- **Prompt**: For the data below, give again exactly the lines from the one containing "Opel Astra 2007, 330,000 km - 1.4 l - Bakı" through the one containing "Elegant White AD", both ends included, and no others.

- **Data shown**:
+++

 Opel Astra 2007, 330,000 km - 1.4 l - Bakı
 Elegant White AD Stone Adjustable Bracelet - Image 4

+++

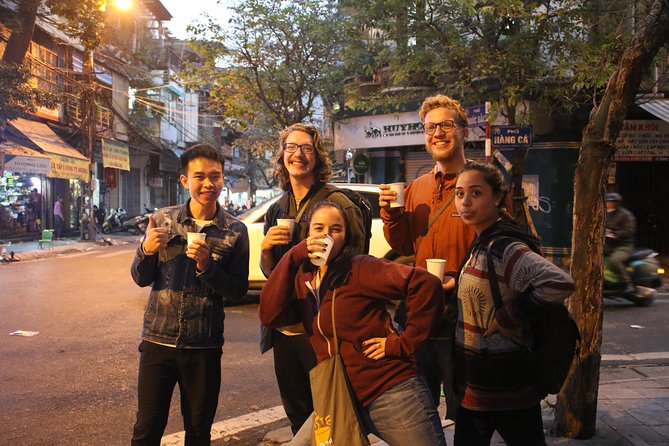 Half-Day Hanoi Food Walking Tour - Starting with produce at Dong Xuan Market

+++

- **Solution below**:
 Opel Astra 2007, 330,000 km - 1.4 l - Bakı
 Elegant White AD Stone Adjustable Bracelet - Image 4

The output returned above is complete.